The third pillar of ‘Horizon 2020’, funds R&I aiming at finding solutions to social and economic problems. In total, seven “Societal Challenges” have been identified:
Health, demographic change and wellbeing;
Food security, sustainable agriculture and forestry, marine and maritime and inland water research, and the Bioeconomy;
Secure, clean and efficient energy;
Smart, green and integrated transport;
Climate action, environment, resource efficiency and raw materials;
Europe in a changing world - inclusive, innovative & reflective societies;
Secure societies - protecting freedom and security of Europe and its citizens
Higher education institutions of EU Member States have been recognised as centres of excellence, attracting researchers and students from all over the world, including India. For instance, Erasmus+ is open to Indian students to pursue higher studies in Europe.
In order to help students, researchers and research institutions identify the right funding opportunity and support them with practical aspects involved in any mobility, there is EURAXESS-Researchers in Motion, a European Commission initiative backed by the countries of the European Research Area (+40 countries). EURAXESS India is an information and networking tool for European researchers working outside Europe and non-European ones wishing to collaborate and/or pursue a research career in Europe. Membership is free.

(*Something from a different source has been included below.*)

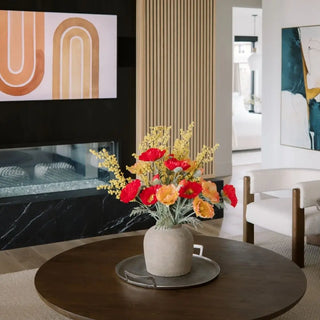 Decorative flowers in a pot on a coffee table in a living room setting.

Back to ‘Horizon 2020’, the Work Programmes for the period 2018-2020 will be published by the end of October 2017. The package will include call for proposals on all pillars and should include many cooperation opportunities between the EU and India. At the Steering Committee meeting, it was agreed that the CFM would specifically be extended to the following research fields: Water; Energy, in particular renewables and smart grids capacity; Nanotechnology and advanced materials; Health (vaccines, chronic diseases; mental health); Bio-economy and Agri-food; ICT, in particular Cyber-Physical-Systems (ICPS); Polar Sciences; and Green transport.
Cooperation on water will offer the biggest opportunities for Indian research institutes and innovators involved in water technology and wastewater management aiming at cleaner water and better waste treatment. A substantial call will be published end of October 2017 in which both the DST and DBT are committed to co-fund the successful Indian participants.
EU and India are also committed to enhance cooperation in innovation to harness and promote innovation among enterprises especially SMEs, Start-ups and incubators.
Finally, the cooperation opportunities on R&I between Europe and India would not be complete if the tremendous efforts done by the EU Member States and countries associated to ‘Horizon 2020’ would not be mentioned. Bilateral cooperation offers hands-on cooperation and can show the way to cooperation in a multilateral context which is always a bit more complex but at the same time very challenging and rewarding.